Novel life for singles

The Feminist Bestseller. First Edition

五月 26, 2006

This broad study tracks women's popular fiction in the second half of the 20th century alongside the ups and downs of modern feminism. If the blockbuster Peyton Place was one of the first novels for women that turned the private into the political, what do the ironic references in chick-lit say about a contemporary feminist position? Writing about popular fiction is often not included in the "canon" of feminist criticism. More often, the canon has been downright suspicious of market success.

Imelda Whelehan argues that looking through the market's eyes enables her to take the debate around second-wave feminism further.

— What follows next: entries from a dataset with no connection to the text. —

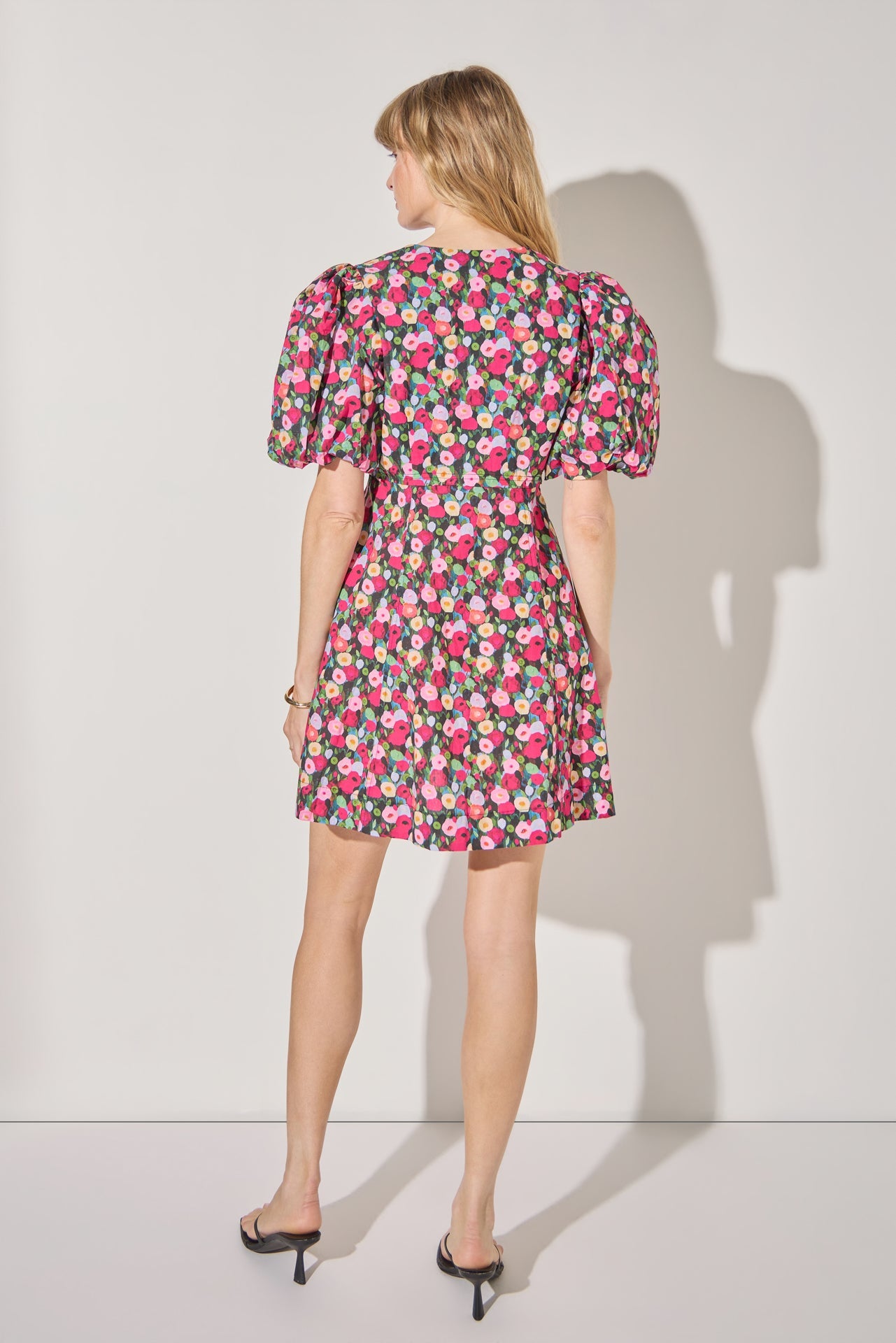 LA'VEN - Floral Print Mini Dress With Button Detail - DRESSES available at Objectrare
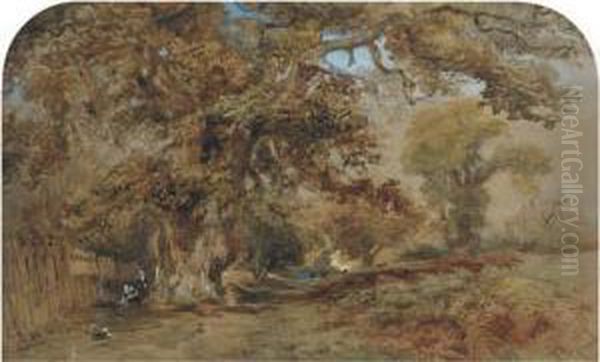 Figures By A Path In A Wooded Landscape Oil Painting by David Hall McKewan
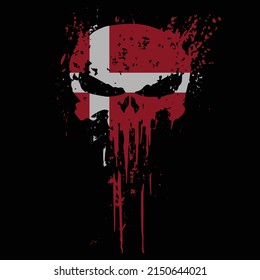 Bandera de Dinamarca de la cabeza de cráneo con vector de textura gruesa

Referring to Elaine Showalter, she says that most feminist criticism, indeed feminist "literature", was read only by the few; the theoretical feminist debate for most women was played out through the filter of popular fiction. Fittingly, this student-friendly book is clear and easy to read.

Whelehan focuses on key themes. Throughout this period, several books fixed on the idea of the single girl or "singleton". She illustrates some of the ambivalence towards this found in Helen Gurley Brown's Sex and the Single Girl (was this really a guide to a successful single life or a marriage manual?), Erica Jong's Fear of Flying (whose heroine is sexually experimental but never really satisfied), and Helen Fielding's Bridget Jones's Diary (where the heroine is continually in search of "The One").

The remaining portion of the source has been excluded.